[[ Records provided, beginning ]]

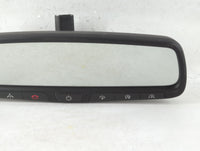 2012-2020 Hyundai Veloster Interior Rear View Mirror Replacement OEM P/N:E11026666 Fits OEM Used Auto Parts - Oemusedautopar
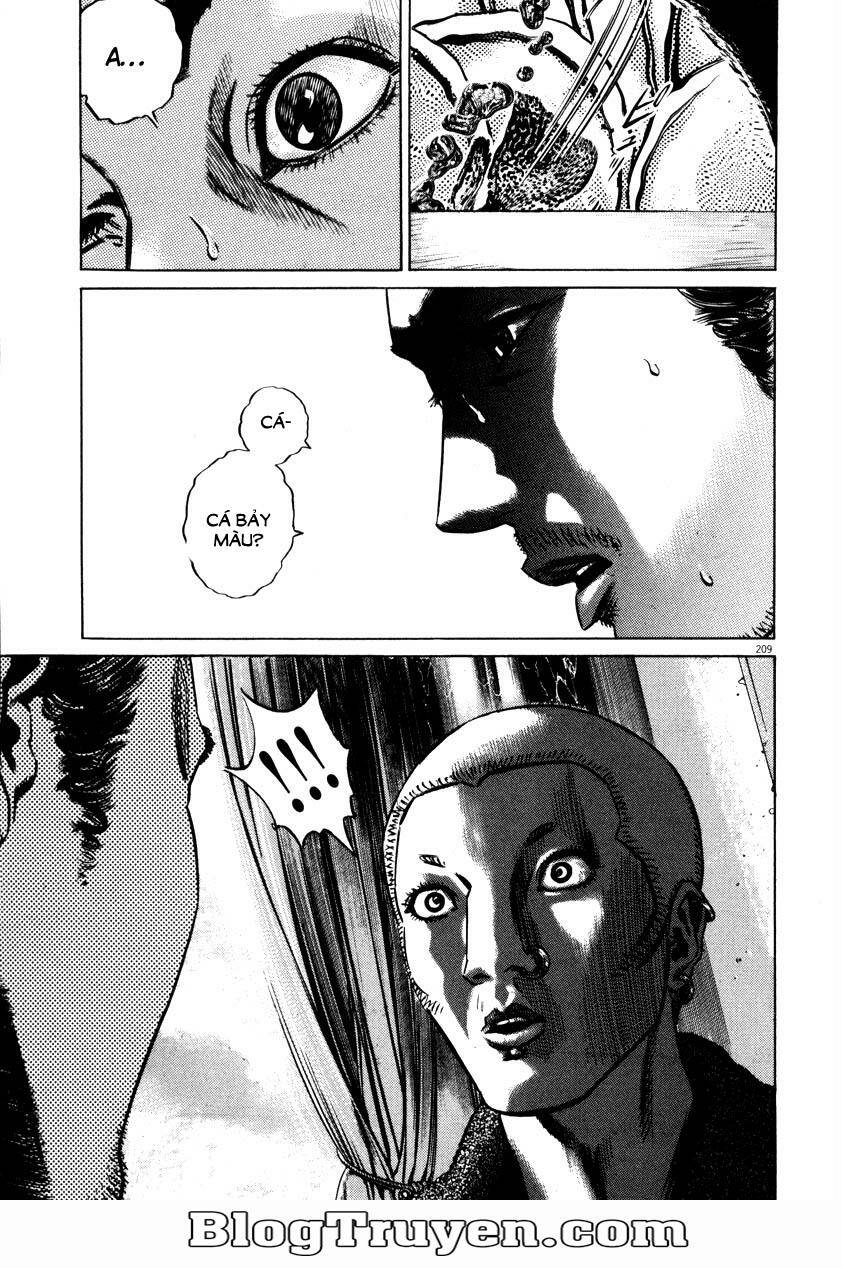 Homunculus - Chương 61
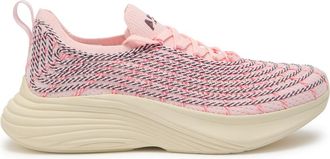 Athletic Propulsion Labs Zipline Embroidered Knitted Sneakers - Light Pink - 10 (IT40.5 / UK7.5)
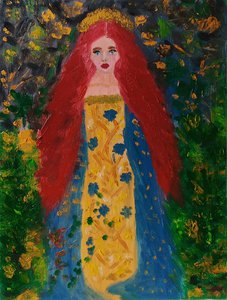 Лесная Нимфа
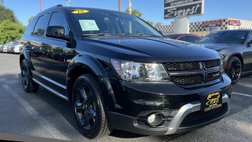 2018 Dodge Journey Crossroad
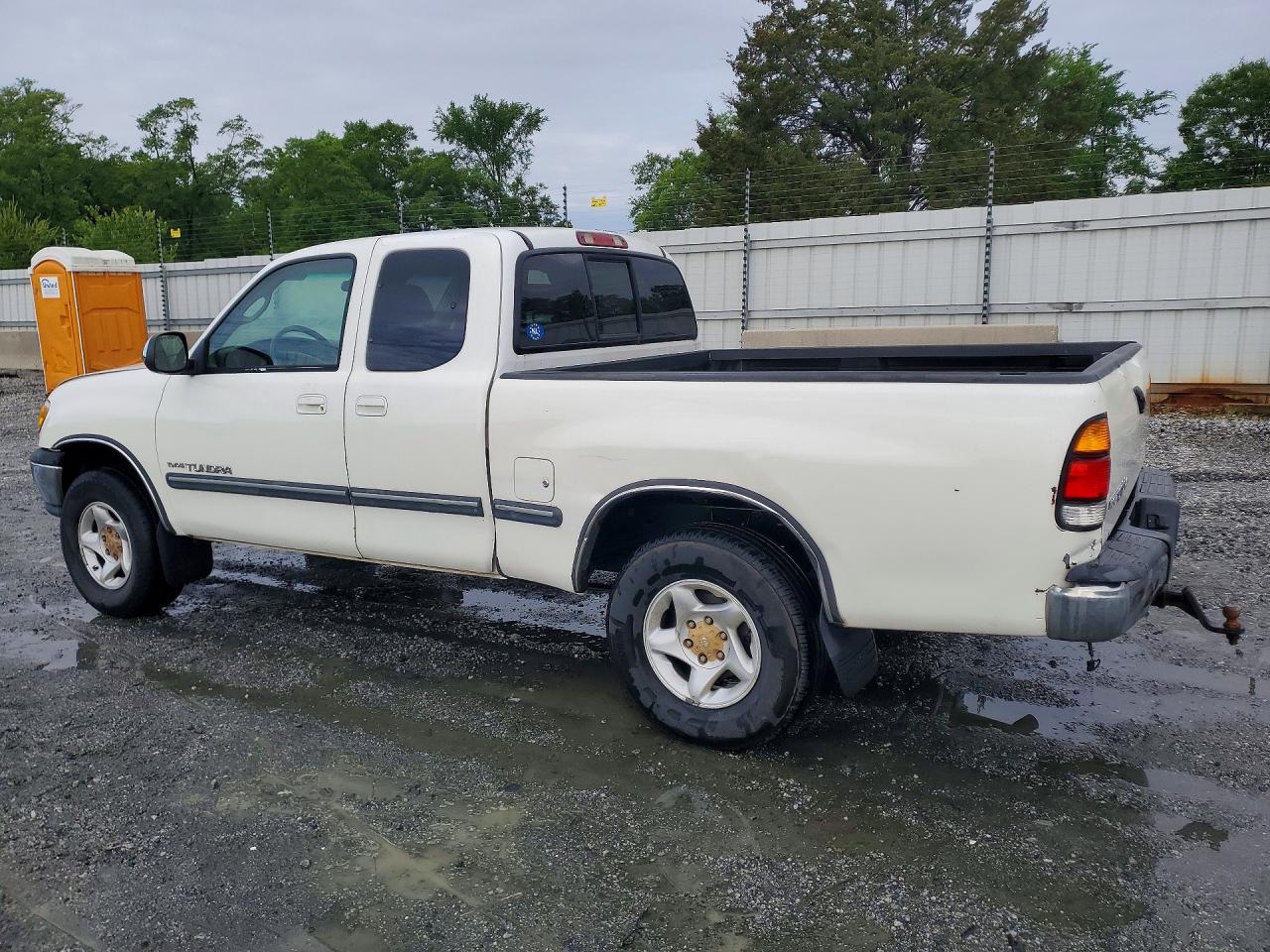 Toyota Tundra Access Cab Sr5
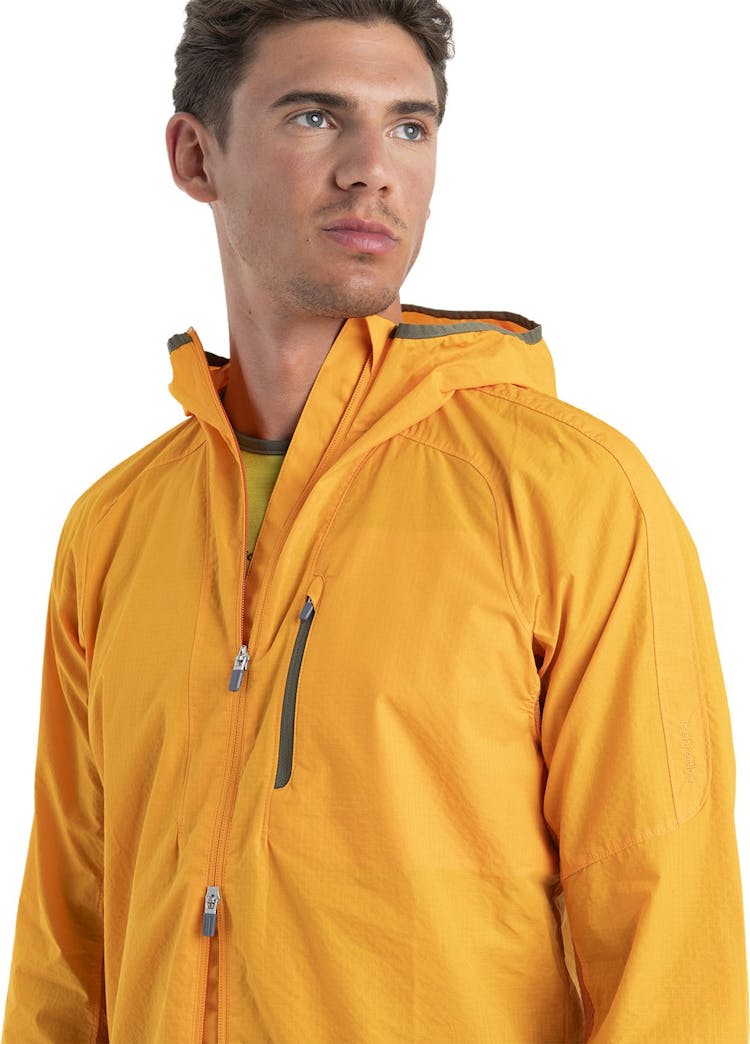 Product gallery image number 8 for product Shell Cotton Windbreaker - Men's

[[ Records provided, end ]]
[[ Records provided, beginning ]]

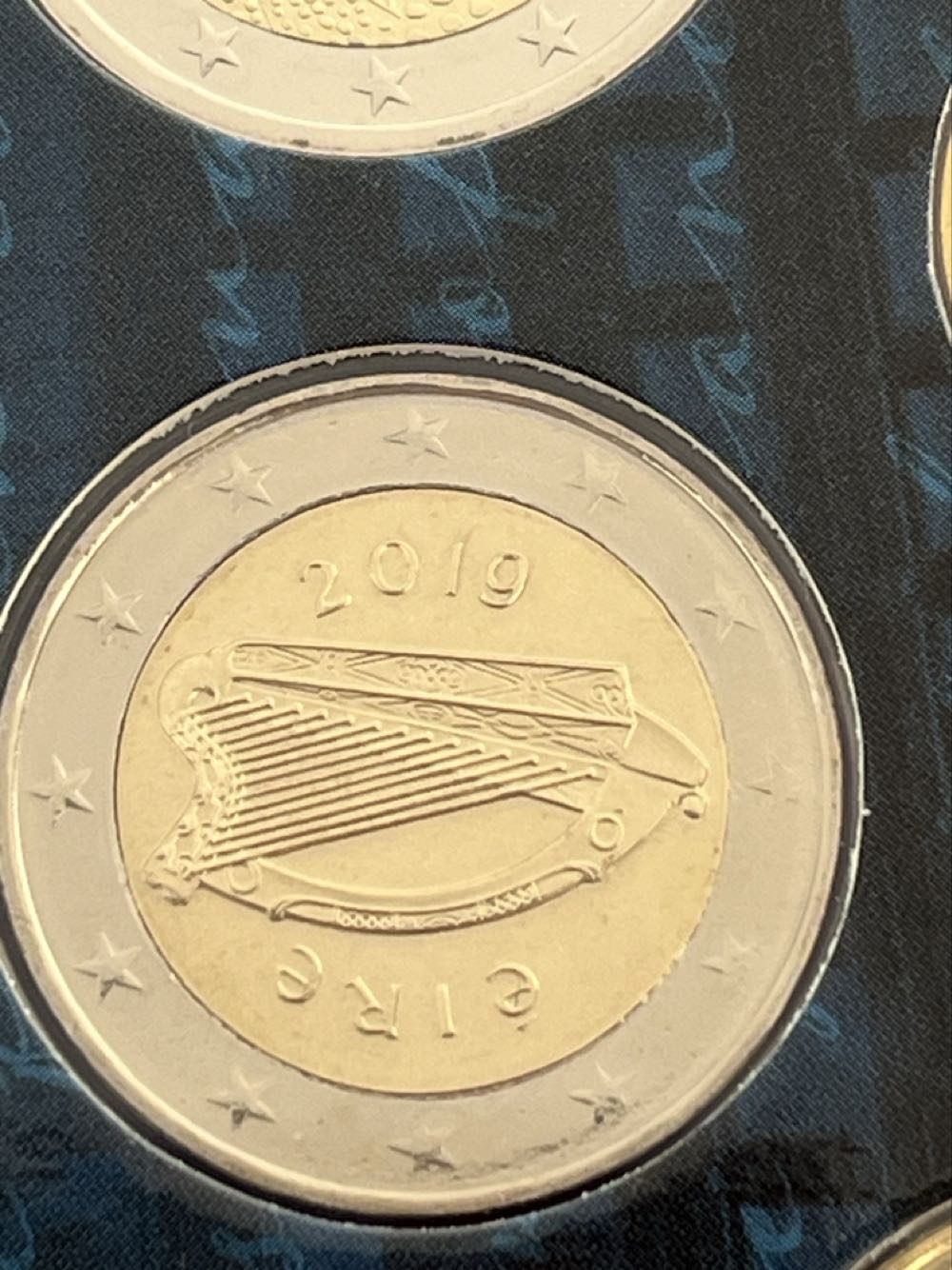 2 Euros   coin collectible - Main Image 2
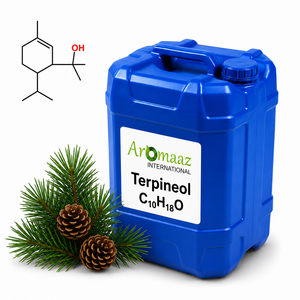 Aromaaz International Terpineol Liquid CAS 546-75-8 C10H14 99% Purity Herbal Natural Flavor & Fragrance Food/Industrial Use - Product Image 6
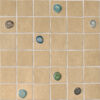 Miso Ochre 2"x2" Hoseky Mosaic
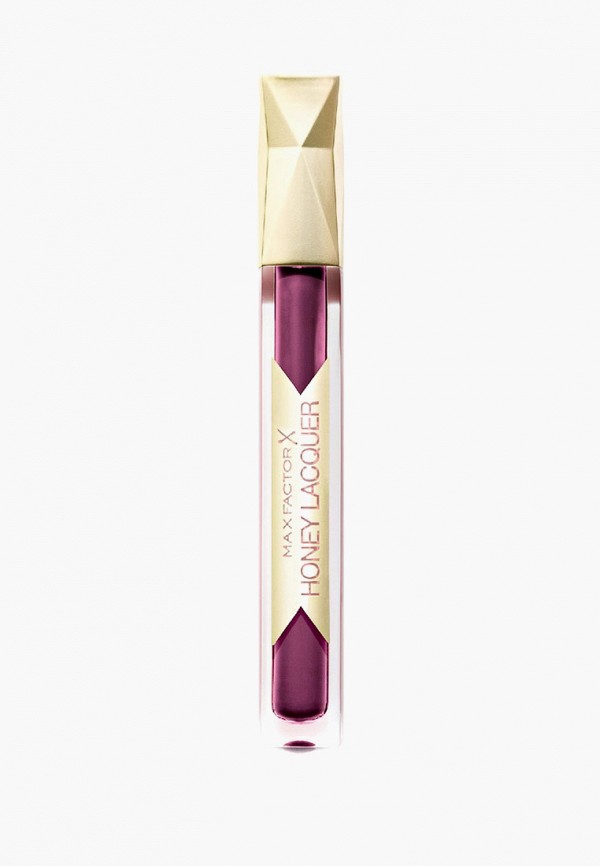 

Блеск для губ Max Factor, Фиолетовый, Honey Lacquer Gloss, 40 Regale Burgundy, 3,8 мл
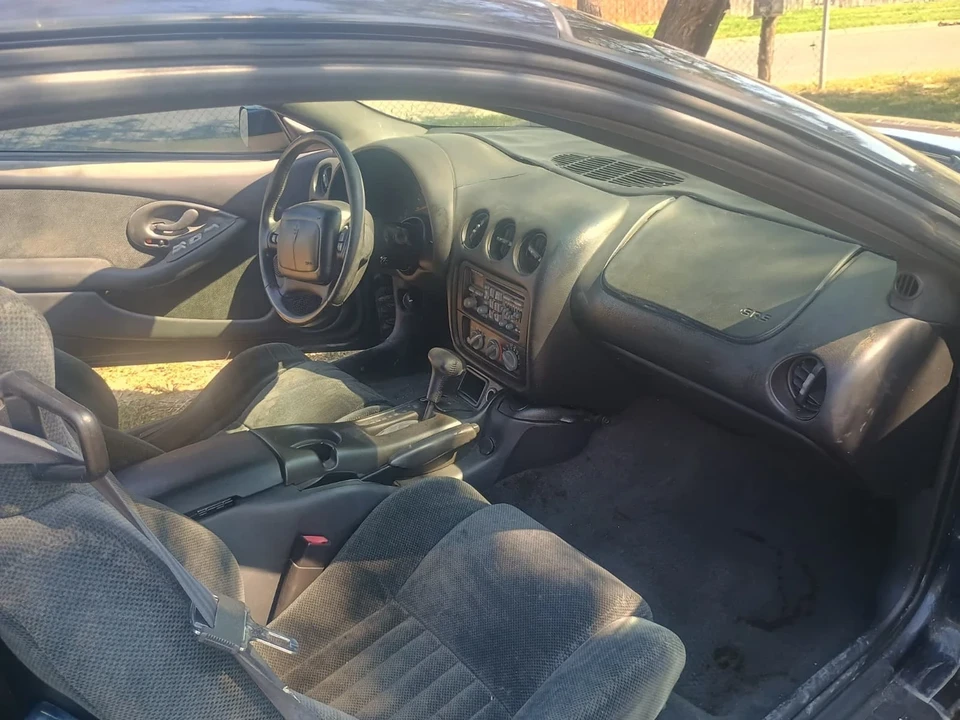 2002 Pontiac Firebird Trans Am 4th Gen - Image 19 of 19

[[ Records provided, end ]]

Exercise »
Above are some entries; copy exactly the lines from the line with "Athletic Propulsion Labs" through the line with "Product gallery image", both included, but none of the pictures.

Result »
 Athletic Propulsion Labs Zipline Embroidered Knitted Sneakers - Light Pink - 10 (IT40.5 / UK7.5)
 Лесная Нимфа
 2018 Dodge Journey Crossroad
 Toyota Tundra Access Cab Sr5
 Product gallery image number 8 for product Shell Cotton Windbreaker - Men's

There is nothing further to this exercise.